SETX is now recognized as a major contributor to genome stability and plays an important role during S‐phase of cycling cells. Its SUMOylation is necessary for Exosc9 interaction, a core component of the nuclear exosome. These two events appear necessary for SETX’s function at S‐phase foci where it facilitates exosome‐mediated degradation of stalled RNA transcription at DNA polymerase/RNAP II collision sites. Also, SETX co‐localizes with the DNA damage markers 53BP1 and H2AX at these foci. Because SETX is maintained at very low cellular levels, transient over‐expression may trigger cell cycle check points.
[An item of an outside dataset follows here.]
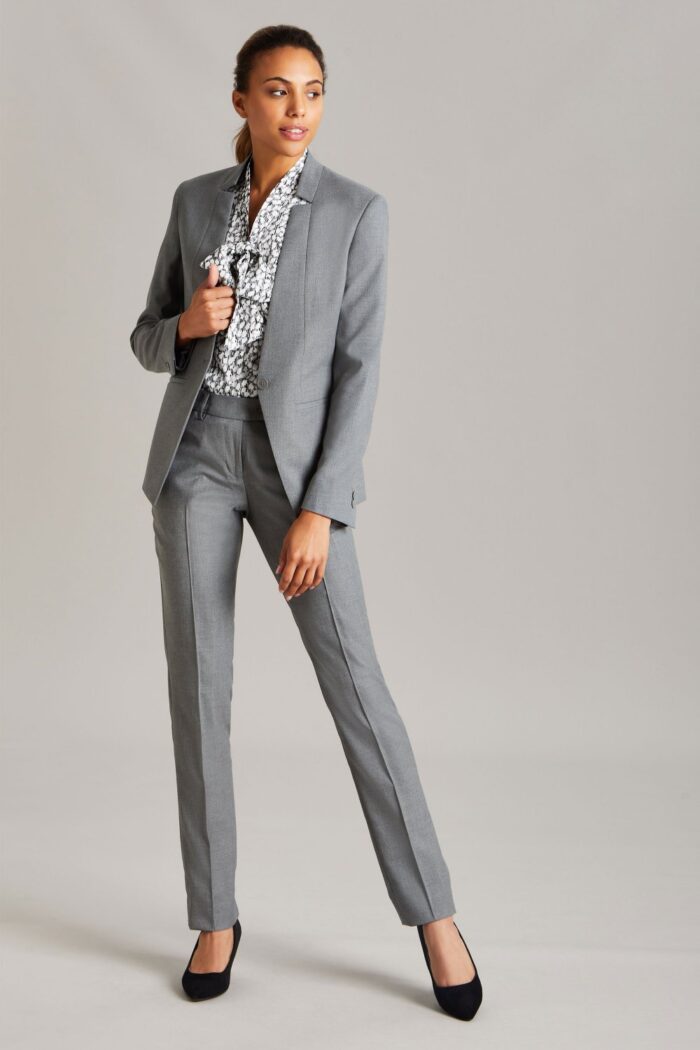 "Contemporary" slim fit housut naisille - Image 18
But neurons do not replicate, and both AOA2 and ALS4 result primarily in neuron degeneration. AOA2 loss‐of‐function mutations appear to block both SUMOylation and Exosc9 interaction. Hence, unless RNAPII self‐collision is of major concern for neuronal pathogenesis, other functions of SUMO‐SETX must contribute to neurodegeneration. The obvious candidate for this dysfunction would be a role for SETX in the regulation of SG dynamics, a core pathological hallmark in various forms of neurodegeneration. Based upon recent work, we now know that SETX, when found in SGs in close proximity to FMR1 and FXR1, plays an important role in SG disassembly, likely by its helicase domain‐dependent function of unwinding certain SG RNAs. Identifying and characterizing the SG RNA clients of SETX will yield crucial insights into the pathobiology of neurodegenerative diseases characterized by SG dysregulation.

CONFLICT OF INTEREST

The authors declare no conflict of interest.

AUTHOR'S CONTRIBUTIONS

All authors contributed equally to this work.

ETHICS STATEMENT

No human subjects or animals were used in the production of this review.